Overall, we think that we have become quite good at changing our seemingly micro every day habits towards greener living. However, we are perhaps not quite good enough according to a new report by Frontier Economics. The report outlines where we are failing to meet our carbon reduction targets and that essentially more effort is needed to ‘greenify’ our work and home. Every day technology and small change behaviour actions are in the most part, what will enable us to get back on track for a target-smashing 2020.
At work and home, computer technology accounts for 3-4% of the world’s carbon emissions, which is more than what aviation contributes! Getting on top of what technology we use on the daily is a sure-fire way to change that number. Companies can now choose to purchase equipment that uses better materials and have more optimised running performances, or they can start adapting more towards the cloud to lessen the financial strain.
Cloud computing and storage saves a vast amount of energy every day. Remember when you had to save everything to those retro, hard-plastic floppy disks? Now most people have some form of online hosting account where they keep most of their photos and documents. Cloud services refer to using some form of web-based area to perform and store tasks. Your email inbox is a form of cloud storage. A study conducted by the Lawrence Berkley National Laboratory, Northwestern University and Google found that moving the daily applications of 86 million US workers to the cloud would save enough electricity to power Los Angeles for a year.
Cloud storage goes beyond simply holding and saving data on your personal or many work computer hard drives. Applications can be shifted to a larger infrastructure cloud, meaning local computers don’t have to carry all the data and work. This increases server longevity and reduces it need for over-worked scrappage and the resulting loss of materials that come with this. Shared sever centers require fewer machines to get the same capacity of utilization. The larger sever companies usually have the funds at hand to continuously improve stock towards more environmentally friendly alternatives. This is something that the average office place of employment doesn’t have the funds to do. Overall, they work really well to reduce an organisation’s carbon footprint.

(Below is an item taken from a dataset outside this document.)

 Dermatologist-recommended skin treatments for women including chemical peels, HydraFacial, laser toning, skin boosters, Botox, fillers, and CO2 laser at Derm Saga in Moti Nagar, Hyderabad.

Getting to your work is now a much greener commute. Electric cars improve the air quality around us given that they don’t produce any form of harmful emissions, they don’t have an exhaust pipe! Even those that combine electricity with traditional fuel, called plug-in hybrids (PHEVs), produce much lower emissions than standard engines alone.
The directly felt benefits of switching to electric cars is the air quality that we end up breathing. Public Health England put together an air pollution report that details 5.3% of deaths in the UK can be attributed to long-term exposure of airborne particles. It acts as a contributory factor to cardiovascular deaths such as Chronic Obstructive Pulmonary Disease (COPD) and asthma. With a reduced output of the harmful airborne chemicals, achieved partly through electric cars, we can reduce the affect this has on us.
For those modes of transport that require a little more time to make the full leap into electric version, biofuels can be a good half-way there solution. Road trips in the US from cars, buses, motorbikes and lorries make a distance equivalence per year of travelling to the Sun and back 13,440 times.
Biofuel is made up of plant material, for example you might have heard of people putting oil in their engine. This is not exactly what happens but biodiesel does use rapeseed and other plant oils to fuel engines without requiring any modification to the engine itself. Bioethanol is made from sugar cane, wheat and other plants and can be used in modified engines.
Our at home recycling has improved using smart organic tech advancements. Styrofoam is often thrown into the general waste bin at home, with a sinking feeling in your stomach when you do it mind, but a new type of bacteria has been developed to allow us to properly breakdown the materials. The Styrofoam can be turned into energy and bio gradable plastic, steering it away from clogging up our waterways and causing major issues.
We are all well versed in a lot of things to do with home energy saving, we know bins, we know lightbulbs, we know insulation, but something that we might not know so much about it smart home technology. By adding in smart-controlled tech like automatic, temperature and presence controlled radiator valves, smart lighting and AI incorporated boiler boards, the cost of running a home in carbon and in money is drastically reduced all without much effort. In the US, homes account for 22.5% of the energy used by that country. Installing smart thermostats alone would save 12% of this cost.
This is just a snapshot of how small changes in everyday behaviour benefits the environment and the major carbon reduction goals of 2020. It doesn’t take a lot to start encouraging yourself and those around you at work and home to help contribute to the big-ticket item changes in our world today. This is particularly true when advances in everyday green technology is basically doing most of the hard work for you!